Work required: Each line from the one that contains "this 800×622 image." to the last line of the records below must be restated word for word.

Phrase grounding data
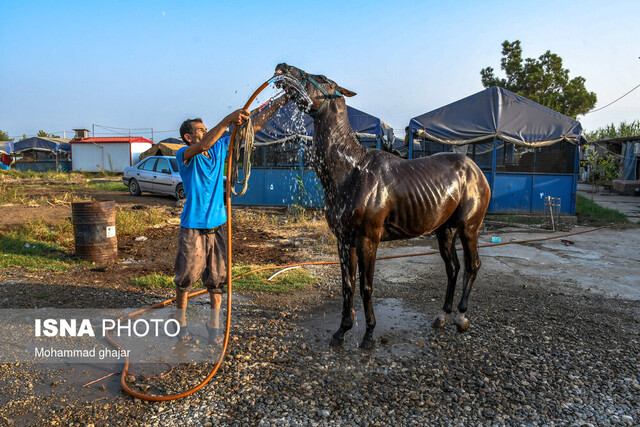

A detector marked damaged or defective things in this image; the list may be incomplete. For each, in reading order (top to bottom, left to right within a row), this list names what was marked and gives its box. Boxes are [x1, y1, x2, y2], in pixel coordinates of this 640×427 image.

rusty barrel [72, 201, 118, 264]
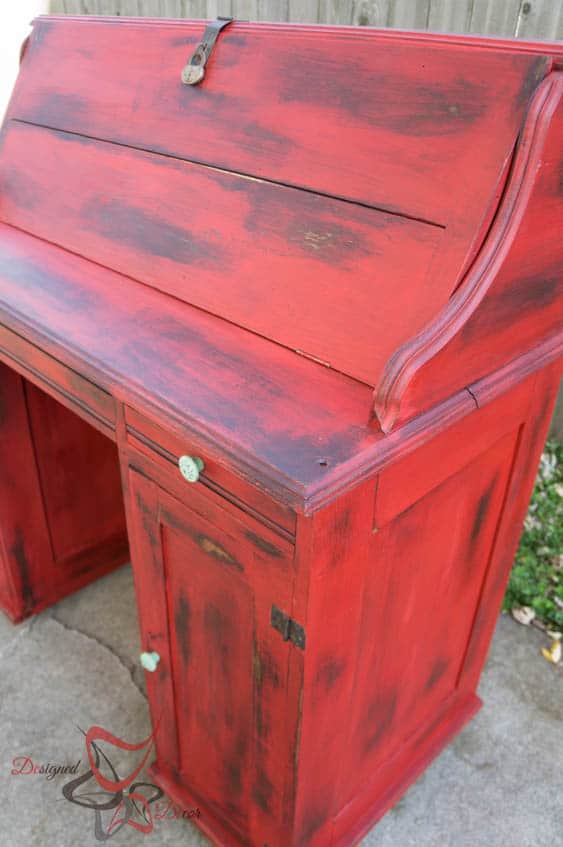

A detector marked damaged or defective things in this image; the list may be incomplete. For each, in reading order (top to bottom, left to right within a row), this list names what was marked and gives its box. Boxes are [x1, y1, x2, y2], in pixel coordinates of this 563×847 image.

crack in concrete [49, 608, 148, 704]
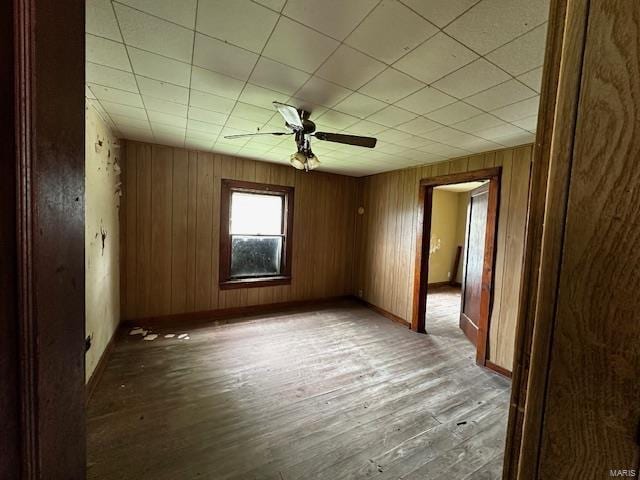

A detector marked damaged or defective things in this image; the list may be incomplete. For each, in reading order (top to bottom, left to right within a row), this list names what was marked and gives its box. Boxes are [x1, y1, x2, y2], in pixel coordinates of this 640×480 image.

peeling paint wall [84, 102, 120, 382]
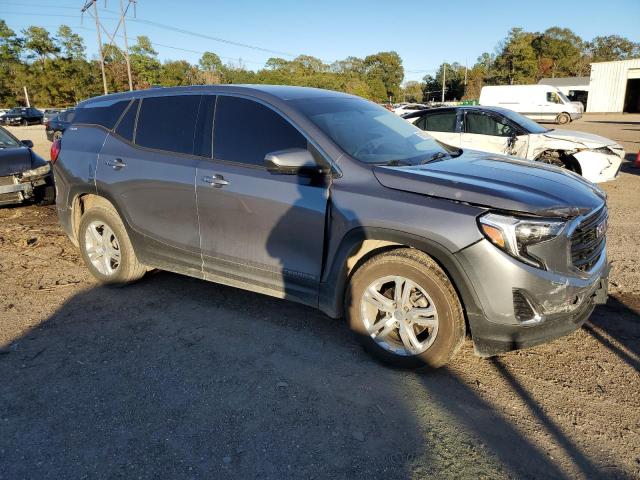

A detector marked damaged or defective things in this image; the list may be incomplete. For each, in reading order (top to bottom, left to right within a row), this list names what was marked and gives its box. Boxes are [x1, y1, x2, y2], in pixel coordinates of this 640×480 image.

crushed car [0, 125, 54, 206]
damaged white car [404, 106, 624, 183]
crushed car [404, 106, 624, 183]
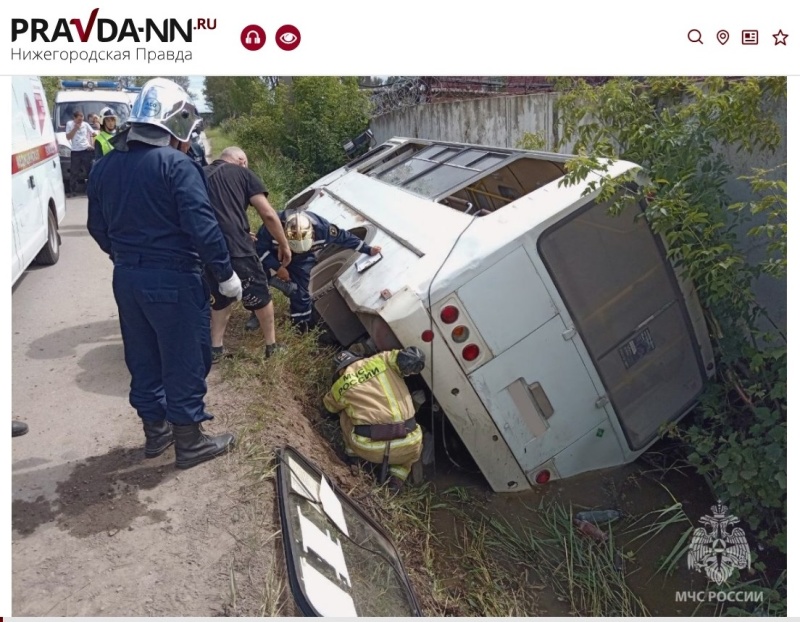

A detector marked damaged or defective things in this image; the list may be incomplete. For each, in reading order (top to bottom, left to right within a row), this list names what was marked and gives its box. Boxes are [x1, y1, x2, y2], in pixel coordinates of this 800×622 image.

overturned white bus [290, 139, 716, 494]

Result of this exercise:
A detector marked damaged or defective things in this image; the list may be incomplete. For each, in reading order (top to bottom, left to right within a row), this list names what was marked and gives its box. Boxes are [x1, y1, x2, y2], in pixel coordinates of this 800×622 image.

overturned white bus [290, 139, 716, 494]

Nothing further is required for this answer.